### Data for processing
>>>>

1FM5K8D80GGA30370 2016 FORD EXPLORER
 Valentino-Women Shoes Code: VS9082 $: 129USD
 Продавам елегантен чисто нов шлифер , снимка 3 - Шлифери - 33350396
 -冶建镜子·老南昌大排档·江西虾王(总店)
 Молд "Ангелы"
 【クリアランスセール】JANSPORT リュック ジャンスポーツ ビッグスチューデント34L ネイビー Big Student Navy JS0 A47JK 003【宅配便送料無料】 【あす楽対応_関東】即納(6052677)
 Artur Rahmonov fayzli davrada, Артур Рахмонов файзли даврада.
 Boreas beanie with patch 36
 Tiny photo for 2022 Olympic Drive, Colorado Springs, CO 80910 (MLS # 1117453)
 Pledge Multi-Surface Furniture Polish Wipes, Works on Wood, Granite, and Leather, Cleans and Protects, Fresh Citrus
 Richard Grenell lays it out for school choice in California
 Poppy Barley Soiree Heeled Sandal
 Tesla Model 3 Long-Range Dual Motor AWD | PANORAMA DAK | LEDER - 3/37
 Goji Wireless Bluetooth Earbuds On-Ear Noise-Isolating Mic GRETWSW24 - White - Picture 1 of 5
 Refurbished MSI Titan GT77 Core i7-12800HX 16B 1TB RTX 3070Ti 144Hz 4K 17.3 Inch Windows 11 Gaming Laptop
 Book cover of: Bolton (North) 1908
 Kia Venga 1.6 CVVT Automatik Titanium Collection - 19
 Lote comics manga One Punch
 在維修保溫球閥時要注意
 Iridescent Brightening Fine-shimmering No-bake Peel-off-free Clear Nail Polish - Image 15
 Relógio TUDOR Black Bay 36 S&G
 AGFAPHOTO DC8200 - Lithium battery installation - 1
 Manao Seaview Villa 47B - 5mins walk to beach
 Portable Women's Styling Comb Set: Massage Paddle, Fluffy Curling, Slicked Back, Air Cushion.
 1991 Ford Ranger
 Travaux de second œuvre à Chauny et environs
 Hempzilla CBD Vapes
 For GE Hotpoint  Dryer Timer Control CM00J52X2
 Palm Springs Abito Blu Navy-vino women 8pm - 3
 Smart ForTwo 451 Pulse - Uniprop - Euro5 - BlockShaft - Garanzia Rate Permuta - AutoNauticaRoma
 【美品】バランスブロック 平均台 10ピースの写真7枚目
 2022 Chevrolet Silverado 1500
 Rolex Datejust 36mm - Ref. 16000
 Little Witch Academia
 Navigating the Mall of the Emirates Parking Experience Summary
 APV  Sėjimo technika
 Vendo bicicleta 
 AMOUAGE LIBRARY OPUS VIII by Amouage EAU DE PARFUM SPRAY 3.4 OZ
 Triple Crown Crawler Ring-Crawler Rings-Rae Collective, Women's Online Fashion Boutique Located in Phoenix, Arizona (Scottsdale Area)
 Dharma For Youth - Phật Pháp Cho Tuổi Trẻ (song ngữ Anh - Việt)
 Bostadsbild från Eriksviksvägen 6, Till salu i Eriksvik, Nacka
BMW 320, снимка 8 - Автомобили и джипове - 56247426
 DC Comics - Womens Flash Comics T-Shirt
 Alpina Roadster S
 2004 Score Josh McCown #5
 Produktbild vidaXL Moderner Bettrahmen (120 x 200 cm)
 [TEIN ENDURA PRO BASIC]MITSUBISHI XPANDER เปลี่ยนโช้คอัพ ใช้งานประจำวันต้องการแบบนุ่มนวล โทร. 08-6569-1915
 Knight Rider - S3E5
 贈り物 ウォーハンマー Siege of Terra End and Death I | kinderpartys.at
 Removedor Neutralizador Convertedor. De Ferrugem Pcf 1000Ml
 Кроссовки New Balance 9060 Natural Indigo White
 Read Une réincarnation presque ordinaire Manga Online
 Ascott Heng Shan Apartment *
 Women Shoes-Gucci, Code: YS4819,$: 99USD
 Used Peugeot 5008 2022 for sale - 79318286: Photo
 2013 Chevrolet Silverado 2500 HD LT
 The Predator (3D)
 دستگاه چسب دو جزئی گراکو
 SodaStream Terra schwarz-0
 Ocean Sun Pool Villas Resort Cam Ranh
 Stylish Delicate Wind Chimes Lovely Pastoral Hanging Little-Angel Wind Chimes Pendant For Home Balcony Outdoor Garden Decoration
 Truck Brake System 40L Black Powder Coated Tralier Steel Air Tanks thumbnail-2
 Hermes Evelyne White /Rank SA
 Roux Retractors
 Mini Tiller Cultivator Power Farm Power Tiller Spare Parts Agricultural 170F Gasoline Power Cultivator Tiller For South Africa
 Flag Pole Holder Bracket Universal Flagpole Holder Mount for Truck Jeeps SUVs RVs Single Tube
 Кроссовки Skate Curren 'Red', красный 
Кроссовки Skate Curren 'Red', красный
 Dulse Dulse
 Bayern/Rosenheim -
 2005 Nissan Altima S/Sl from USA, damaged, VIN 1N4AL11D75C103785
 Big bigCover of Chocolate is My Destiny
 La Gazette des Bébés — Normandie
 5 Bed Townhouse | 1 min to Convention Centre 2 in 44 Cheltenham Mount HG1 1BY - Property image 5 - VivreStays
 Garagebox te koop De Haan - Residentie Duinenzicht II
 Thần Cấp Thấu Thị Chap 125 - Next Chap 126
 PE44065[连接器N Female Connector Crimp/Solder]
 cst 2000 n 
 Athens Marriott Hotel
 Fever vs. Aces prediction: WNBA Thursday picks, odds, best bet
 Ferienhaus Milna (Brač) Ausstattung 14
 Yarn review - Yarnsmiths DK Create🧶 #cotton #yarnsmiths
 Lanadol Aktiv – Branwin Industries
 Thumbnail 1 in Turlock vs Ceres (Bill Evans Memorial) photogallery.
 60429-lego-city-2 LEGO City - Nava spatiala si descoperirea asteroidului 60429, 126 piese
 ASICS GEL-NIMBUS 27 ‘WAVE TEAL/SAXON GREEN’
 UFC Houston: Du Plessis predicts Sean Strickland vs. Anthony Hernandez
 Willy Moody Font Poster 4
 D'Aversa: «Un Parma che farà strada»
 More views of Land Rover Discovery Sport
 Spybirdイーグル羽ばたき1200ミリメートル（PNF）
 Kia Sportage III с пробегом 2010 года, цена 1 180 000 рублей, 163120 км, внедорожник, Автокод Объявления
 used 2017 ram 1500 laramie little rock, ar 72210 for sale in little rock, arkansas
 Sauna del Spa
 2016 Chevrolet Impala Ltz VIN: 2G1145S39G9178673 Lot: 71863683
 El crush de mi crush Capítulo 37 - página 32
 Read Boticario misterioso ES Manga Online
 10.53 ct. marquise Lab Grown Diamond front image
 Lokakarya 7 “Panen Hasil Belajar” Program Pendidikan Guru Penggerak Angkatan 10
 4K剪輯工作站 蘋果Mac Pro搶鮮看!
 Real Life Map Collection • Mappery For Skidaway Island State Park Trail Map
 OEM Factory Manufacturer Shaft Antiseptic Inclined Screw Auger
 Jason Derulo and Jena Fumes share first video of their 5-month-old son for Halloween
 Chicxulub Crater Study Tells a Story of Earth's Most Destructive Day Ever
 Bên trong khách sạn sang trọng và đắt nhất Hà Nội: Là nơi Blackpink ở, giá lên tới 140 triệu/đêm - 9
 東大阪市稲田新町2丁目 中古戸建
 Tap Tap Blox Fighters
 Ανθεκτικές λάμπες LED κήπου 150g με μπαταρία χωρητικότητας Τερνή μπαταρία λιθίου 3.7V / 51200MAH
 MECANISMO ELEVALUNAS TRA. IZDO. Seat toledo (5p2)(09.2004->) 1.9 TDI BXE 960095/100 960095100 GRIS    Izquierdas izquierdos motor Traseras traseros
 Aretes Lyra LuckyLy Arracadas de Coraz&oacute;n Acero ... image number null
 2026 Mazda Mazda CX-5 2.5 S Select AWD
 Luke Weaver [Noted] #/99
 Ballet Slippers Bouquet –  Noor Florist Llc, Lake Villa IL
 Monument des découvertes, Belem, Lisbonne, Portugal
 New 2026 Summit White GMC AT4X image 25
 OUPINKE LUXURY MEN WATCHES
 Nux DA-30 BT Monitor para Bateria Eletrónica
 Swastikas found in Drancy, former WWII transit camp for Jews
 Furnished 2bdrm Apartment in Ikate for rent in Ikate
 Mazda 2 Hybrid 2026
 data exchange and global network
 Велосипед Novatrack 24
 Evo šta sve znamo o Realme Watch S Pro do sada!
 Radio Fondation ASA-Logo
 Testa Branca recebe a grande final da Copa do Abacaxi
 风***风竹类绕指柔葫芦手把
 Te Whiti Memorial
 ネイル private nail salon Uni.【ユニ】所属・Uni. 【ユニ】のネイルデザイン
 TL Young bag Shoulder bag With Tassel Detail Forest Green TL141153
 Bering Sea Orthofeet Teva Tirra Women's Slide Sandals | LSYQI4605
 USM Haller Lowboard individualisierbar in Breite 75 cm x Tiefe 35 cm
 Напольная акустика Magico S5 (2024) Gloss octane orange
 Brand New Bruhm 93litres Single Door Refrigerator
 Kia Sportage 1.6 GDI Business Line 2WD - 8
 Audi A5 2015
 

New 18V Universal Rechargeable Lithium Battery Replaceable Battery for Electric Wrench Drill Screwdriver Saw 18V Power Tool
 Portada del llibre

<<<<

### Problem requirements
Starting with the line with "UFC Houston: Du" above and going on through the line with "Ανθεκτικές λάμπες LED", transcribe every line exactly, both ends included, and add nothing.

### Exercise response
 UFC Houston: Du Plessis predicts Sean Strickland vs. Anthony Hernandez
 Willy Moody Font Poster 4
 D'Aversa: «Un Parma che farà strada»
 More views of Land Rover Discovery Sport
 Spybirdイーグル羽ばたき1200ミリメートル（PNF）
 Kia Sportage III с пробегом 2010 года, цена 1 180 000 рублей, 163120 км, внедорожник, Автокод Объявления
 used 2017 ram 1500 laramie little rock, ar 72210 for sale in little rock, arkansas
 Sauna del Spa
 2016 Chevrolet Impala Ltz VIN: 2G1145S39G9178673 Lot: 71863683
 El crush de mi crush Capítulo 37 - página 32
 Read Boticario misterioso ES Manga Online
 10.53 ct. marquise Lab Grown Diamond front image
 Lokakarya 7 “Panen Hasil Belajar” Program Pendidikan Guru Penggerak Angkatan 10
 4K剪輯工作站 蘋果Mac Pro搶鮮看!
 Real Life Map Collection • Mappery For Skidaway Island State Park Trail Map
 OEM Factory Manufacturer Shaft Antiseptic Inclined Screw Auger
 Jason Derulo and Jena Fumes share first video of their 5-month-old son for Halloween
 Chicxulub Crater Study Tells a Story of Earth's Most Destructive Day Ever
 Bên trong khách sạn sang trọng và đắt nhất Hà Nội: Là nơi Blackpink ở, giá lên tới 140 triệu/đêm - 9
 東大阪市稲田新町2丁目 中古戸建
 Tap Tap Blox Fighters
 Ανθεκτικές λάμπες LED κήπου 150g με μπαταρία χωρητικότητας Τερνή μπαταρία λιθίου 3.7V / 51200MAH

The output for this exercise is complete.